CL: Aren’t they awesome? My God! It’s even better! It’s just better, knowing what he really sounds like. It’s so different from what we have on CD. It’s so vulnerable. Listening to that, it’s like stepping into another time. So when I was singing it, I started wondering—and I saw this vision of a woman standing at a dirt road in the South. She wore a dress, and heels—not high heels, but the kind of heels a woman might have worn to walk around in the late ’40s. And she had a couple of suitcases, and a clean white starched shirt, and a prim black hat—like, a straw hat that had a black ribbon that went all around it—and a long black coat that was pleated in the back. And she was smiling, but I couldn’t really see her face, because it was sunny out and it was like I was seeing it in black and white. So I just kept picturing her, and hearing her sing in this swampy kind of backwoods way. And that’s the way we were playing that song, so I felt like maybe we should capture that spirit, and put it down the way those guys put it down. Not that the other versions aren’t great, because they are! But just to go back to the way it really was, to go back home.
AVC: This kind of piano blues especially can be pretty taxing on the voice. Did you do anything special to prepare for it?
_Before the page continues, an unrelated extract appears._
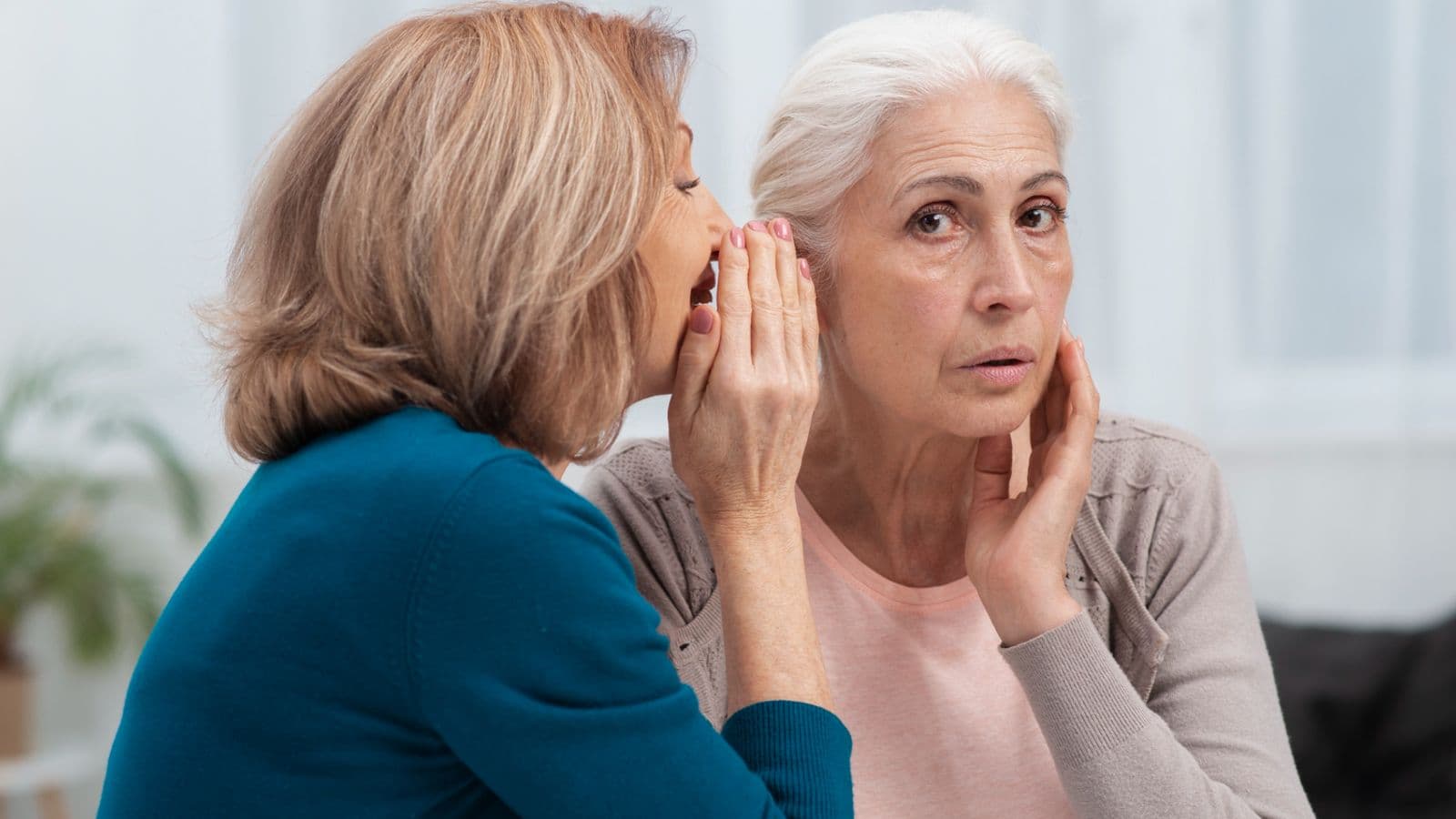 Two women engaged in a conversation, one whispering to the other who looks surprised, in a bright indoor setting.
CL: Oh! Well, I had lost my voice from speaking. I don’t know how to speak. In fact, my voice coach was here for most of the interviews I’ve been doing, telling me “Shoulders back, sit up, remember to breathe.” I just keep talking until I stop breathing. I have too much talk and not enough breath. So I had this problem of learning how to talk, and when the sound came back, oh God! [Laughs.] I actually find singing the blues easier. It feels more natural. I think all my previous music—the rock stuff, the pop stuff, the dance stuff—that stuff is harder for me. It’s like you’re singing a trumpet line. It’s a very high tone, so you sound like a trumpet. But the blues is more of a low, loping tone. The blues is all inside. It’s inside shit. You can really follow along with the rhythm, and that’s different from what I’ve done for most of my career, which has been more about melody. You’re used to singing on the two and the four, but this is all on the one. The one and the three. You know what I’m talking about? The foot? So you start working with this, and with Jamaican rhythms, and—well, I’ll put it this way: British people don’t just drive on the left side of the road. They sing on the left side of the voice. They sink right into it. It’s a whole different vibe.
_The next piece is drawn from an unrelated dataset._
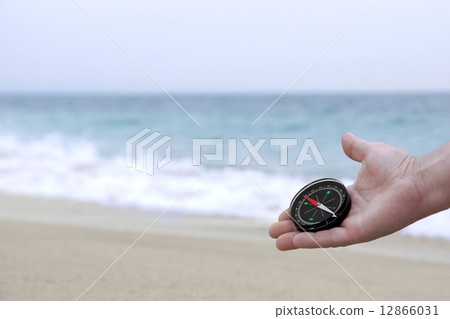 Male hand with Compass 12866031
AVC: You’ve been involved in a lot of creative fields. Aside from singing, writing music, acting, and writing, you’ve done fashion design and production work, and you’re politically active. Do you have trouble deciding what you want to do next?
CL: Well, you know, writing my autobiography. I’m writing it with someone. I’m not doing that on my own. I do have a lot of difficulty figuring out what I want to be working on, but what’s the alternative? To be one of those people who has a million things they want to do, and then never does any of them? And then where will you be? You wind up finding out that you’re old, and you never did anything. Which would you rather be, one of those people who’s like, “Uh, I can’t decide, just forget it,” or the other kind? I want to do everything that comes to me. I want to take advantage of the possibilities that are out there. I don’t want to be one of those woulda-coulda-shoulda people. Is it hard to manage all the things I want to do? Do I have to make sure I make time for my kid and my family? Damn straight I do. But if I want to get somewhere, I’m gonna get there. I might fall asleep in my chair on the way there, but I’m gonna be there. Because what else are you gonna do? Catch up with everything after you’re dead?